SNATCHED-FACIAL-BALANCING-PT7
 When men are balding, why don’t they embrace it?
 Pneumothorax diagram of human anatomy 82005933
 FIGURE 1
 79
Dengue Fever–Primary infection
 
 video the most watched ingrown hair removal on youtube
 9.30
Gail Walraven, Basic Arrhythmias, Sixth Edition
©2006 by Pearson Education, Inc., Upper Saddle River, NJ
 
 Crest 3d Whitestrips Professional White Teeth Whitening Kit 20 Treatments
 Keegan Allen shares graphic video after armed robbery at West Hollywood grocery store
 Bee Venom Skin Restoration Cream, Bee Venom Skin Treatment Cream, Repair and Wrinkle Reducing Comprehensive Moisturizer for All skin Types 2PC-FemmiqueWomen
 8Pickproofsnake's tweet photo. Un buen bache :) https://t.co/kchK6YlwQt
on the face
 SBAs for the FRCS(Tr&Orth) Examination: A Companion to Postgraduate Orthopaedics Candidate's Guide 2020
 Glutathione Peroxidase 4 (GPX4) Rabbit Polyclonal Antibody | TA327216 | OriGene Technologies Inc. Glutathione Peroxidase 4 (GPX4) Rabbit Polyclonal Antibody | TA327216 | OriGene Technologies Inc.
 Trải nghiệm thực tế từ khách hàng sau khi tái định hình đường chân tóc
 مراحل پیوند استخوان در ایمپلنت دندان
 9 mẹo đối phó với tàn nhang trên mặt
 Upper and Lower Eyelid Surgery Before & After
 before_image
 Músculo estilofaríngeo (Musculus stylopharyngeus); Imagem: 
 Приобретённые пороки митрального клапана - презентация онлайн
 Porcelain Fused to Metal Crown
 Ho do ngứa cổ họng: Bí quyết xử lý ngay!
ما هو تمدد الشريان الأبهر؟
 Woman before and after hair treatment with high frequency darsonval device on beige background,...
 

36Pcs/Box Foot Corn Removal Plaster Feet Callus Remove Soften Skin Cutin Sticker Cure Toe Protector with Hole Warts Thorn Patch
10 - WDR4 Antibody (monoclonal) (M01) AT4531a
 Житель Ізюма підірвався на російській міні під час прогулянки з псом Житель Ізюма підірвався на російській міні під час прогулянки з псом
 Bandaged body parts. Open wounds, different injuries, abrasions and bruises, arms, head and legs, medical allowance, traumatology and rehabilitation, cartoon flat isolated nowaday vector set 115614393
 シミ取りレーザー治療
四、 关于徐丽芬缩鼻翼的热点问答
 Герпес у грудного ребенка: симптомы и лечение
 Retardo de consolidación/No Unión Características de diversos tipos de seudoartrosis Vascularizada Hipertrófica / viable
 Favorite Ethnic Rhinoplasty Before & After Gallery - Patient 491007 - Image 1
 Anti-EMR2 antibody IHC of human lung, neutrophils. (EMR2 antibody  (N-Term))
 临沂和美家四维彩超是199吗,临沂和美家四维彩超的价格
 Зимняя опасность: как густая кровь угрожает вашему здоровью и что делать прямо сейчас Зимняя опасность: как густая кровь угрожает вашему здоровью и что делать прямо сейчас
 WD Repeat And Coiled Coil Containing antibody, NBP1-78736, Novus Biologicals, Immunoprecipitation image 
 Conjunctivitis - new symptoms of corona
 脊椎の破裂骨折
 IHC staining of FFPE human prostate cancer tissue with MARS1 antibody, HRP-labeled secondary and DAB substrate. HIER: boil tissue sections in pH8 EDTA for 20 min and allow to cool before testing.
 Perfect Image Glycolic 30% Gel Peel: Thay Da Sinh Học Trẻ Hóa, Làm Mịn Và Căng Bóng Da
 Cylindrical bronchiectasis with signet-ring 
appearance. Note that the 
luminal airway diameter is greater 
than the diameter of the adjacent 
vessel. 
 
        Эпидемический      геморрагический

┄┄┄┄┄┄┄┄┄┄┄┄┄┄┄┄┄┄┄┄

◆ YOUR INSTRUCTIONS: Find the line with "Trải nghiệm thực" in the material above. Reproduce it and each line after it up to and including the line with "Retardo de consolidación/No".

◆ ANSWER TO THIS PROBLEM:
 Trải nghiệm thực tế từ khách hàng sau khi tái định hình đường chân tóc
 مراحل پیوند استخوان در ایمپلنت دندان
 9 mẹo đối phó với tàn nhang trên mặt
 Upper and Lower Eyelid Surgery Before & After
 before_image
 Músculo estilofaríngeo (Musculus stylopharyngeus); Imagem: 
 Приобретённые пороки митрального клапана - презентация онлайн
 Porcelain Fused to Metal Crown
 Ho do ngứa cổ họng: Bí quyết xử lý ngay!
ما هو تمدد الشريان الأبهر؟
 Woman before and after hair treatment with high frequency darsonval device on beige background,...
 

36Pcs/Box Foot Corn Removal Plaster Feet Callus Remove Soften Skin Cutin Sticker Cure Toe Protector with Hole Warts Thorn Patch
10 - WDR4 Antibody (monoclonal) (M01) AT4531a
 Житель Ізюма підірвався на російській міні під час прогулянки з псом Житель Ізюма підірвався на російській міні під час прогулянки з псом
 Bandaged body parts. Open wounds, different injuries, abrasions and bruises, arms, head and legs, medical allowance, traumatology and rehabilitation, cartoon flat isolated nowaday vector set 115614393
 シミ取りレーザー治療
四、 关于徐丽芬缩鼻翼的热点问答
 Герпес у грудного ребенка: симптомы и лечение
 Retardo de consolidación/No Unión Características de diversos tipos de seudoartrosis Vascularizada Hipertrófica / viable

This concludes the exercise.